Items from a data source

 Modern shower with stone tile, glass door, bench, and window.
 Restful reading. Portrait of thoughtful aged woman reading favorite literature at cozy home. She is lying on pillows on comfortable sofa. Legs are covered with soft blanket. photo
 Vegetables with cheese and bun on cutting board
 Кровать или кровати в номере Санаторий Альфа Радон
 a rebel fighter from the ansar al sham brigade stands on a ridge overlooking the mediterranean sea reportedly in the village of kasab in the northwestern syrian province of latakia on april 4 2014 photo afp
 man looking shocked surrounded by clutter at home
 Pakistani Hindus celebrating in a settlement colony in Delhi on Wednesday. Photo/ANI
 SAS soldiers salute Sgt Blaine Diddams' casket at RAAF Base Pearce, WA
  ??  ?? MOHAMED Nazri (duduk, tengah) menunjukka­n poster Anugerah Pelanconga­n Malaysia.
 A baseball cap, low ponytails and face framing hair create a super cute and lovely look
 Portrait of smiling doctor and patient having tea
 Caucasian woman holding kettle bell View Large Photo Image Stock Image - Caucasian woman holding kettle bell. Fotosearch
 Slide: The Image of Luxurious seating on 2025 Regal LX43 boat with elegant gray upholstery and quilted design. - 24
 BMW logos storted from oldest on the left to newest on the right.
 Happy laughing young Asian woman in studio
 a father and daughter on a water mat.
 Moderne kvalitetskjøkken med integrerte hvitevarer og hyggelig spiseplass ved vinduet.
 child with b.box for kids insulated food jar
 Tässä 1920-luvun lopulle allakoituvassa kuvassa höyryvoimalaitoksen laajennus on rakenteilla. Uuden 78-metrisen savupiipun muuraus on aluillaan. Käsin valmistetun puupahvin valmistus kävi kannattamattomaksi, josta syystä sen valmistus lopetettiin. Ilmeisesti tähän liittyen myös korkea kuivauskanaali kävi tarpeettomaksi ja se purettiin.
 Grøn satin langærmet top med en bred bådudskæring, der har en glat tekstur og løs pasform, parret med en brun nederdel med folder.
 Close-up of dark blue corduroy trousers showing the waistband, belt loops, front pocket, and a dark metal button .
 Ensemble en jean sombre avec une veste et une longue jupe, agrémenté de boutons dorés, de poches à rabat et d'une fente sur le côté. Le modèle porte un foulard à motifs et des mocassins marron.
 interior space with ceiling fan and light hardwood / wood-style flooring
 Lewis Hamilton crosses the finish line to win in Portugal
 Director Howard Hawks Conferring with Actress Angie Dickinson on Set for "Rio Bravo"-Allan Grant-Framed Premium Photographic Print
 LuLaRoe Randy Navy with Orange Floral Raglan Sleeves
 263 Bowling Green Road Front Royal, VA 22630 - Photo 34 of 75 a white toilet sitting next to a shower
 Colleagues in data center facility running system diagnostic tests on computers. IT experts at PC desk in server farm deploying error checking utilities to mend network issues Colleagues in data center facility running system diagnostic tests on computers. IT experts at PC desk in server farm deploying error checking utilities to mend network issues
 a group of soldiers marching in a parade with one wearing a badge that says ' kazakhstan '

**Assignment:**
Copy, exactly and only, the lines above that begin with the one containing "Caucasian woman holding kettle bell View" and finish with the one containing "Slide: The Image".

**Expected answer:**
 Caucasian woman holding kettle bell View Large Photo Image Stock Image - Caucasian woman holding kettle bell. Fotosearch
 Slide: The Image of Luxurious seating on 2025 Regal LX43 boat with elegant gray upholstery and quilted design. - 24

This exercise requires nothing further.